Verdacht auf unrechtmässige Bezüge
Dass er selbst des Subventionsbetrugs beschuldigt wird, scheint ihn dabei nicht zu stören. Dem Unternehmer und Ex-Finanzminister wird unter anderem vorgeworfen, unrechtmässig EU-Fördermittel in Höhe von zwei Millionen Euro bezogen zu haben.
Wegen des Verdachts verlor Babis im Mai sein Amt als Finanzminister und im September seine parlamentarische Immunität. Der Ex-Chef des Lebensmittel-, Chemie- und Medienkonzerns Agrofert bestreitet die Vorwürfe und bezeichnete sie als Versuche, ihm den Wahlsieg zu nehmen. Die Wähler schienen davon unbeeindruckt, seine ANO-Partei kam auf fast 30 Prozent.
In seiner Siegesrede versuchte er am Samstag zwar, Sorgen im Ausland zu zerstreuen. Er bezeichnete sich als «pro-europäisch» und stelle keine «Bedrohung für die Demokratie» dar. Einen «Czexit» - in Anlehnung an den Brexit Londons - will Babis ausdrücklich nicht.
Unzufriedenheit gezielt angeheizt
Doch die Unzufriedenheit im Land heizt er dennoch gezielt an. Die EU habe derzeit eine «Denkpause» nötig, sagte er. Zuvor hatte er bereits angekündigt, mit ihm werde es keinen Euro-Beitritt Tschechiens geben.
Er werde für eine «faire» EU sorgen, in der «niemand Mitglied zweiter Klasse» sei. Babis' Rhetorik erinnert an EU- und flüchtlingskritische Töne aus Ländern wie Polen und Ungarn.

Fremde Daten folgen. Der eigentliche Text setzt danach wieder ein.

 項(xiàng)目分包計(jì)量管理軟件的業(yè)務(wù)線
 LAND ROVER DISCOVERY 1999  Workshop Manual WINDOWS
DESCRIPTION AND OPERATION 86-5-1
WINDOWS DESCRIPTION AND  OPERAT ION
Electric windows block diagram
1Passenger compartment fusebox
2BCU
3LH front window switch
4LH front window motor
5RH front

Tschechiens Wirtschaft hat sich zuletzt gut entwickelt. Die Arbeitslosenquote liegt bei nur 3,8 Prozent (September) und das Wirtschaftswachstum dürfte von 2,6 Prozent 2016 auf 3,1 Prozent in diesem Jahr klettern. Vor allem die Autoindustrie und Exporte in die EU tragen dazu bei. Keiner schlägt daraus so Kapital wie Babis, der sich wie Trump als Macher geriert.
Neues Ungemach droht
Babis wurde 1954 in Bratislava, der Hauptstadt der heutigen Slowakei, geboren. Schon als Jugendlicher sei er tüchtig und diszipliniert gewesen, sagt er über sich selbst. «Ich arbeite, seit ich 15 war - habe Milch ausgeliefert, Pakete ausgetragen, auf dem Bau gearbeitet.»
Zur Grundschule ging Babis in Paris und auf die weiterführende Schule in Genf, bevor er einen Wirtschaftsabschluss an der Universität machte.
Der ehemalige Tennis- und Volleyballspieler hat vier Kinder: Zwei mit seiner 20 Jahre jüngeren zweiten Frau Monika, zwei weitere mit seiner Ex-Frau. «Ich bin ein reicher Mann. Ich habe fast alle meine Träume verwirklicht. Ich habe Milliarden mit ehrlicher Arbeit verdient», rühmt er sich.
Dennoch droht ihm neues Ungemach: Der Oberste Gerichtshof der Slowakei kippte vergangene Woche Gerichtsurteile, die keine Hinweise auf eine Zusammenarbeit von Babis vor 1989 mit der kommunistischen Geheimpolizei sahen. Der Prozess soll neu aufgerollt werden.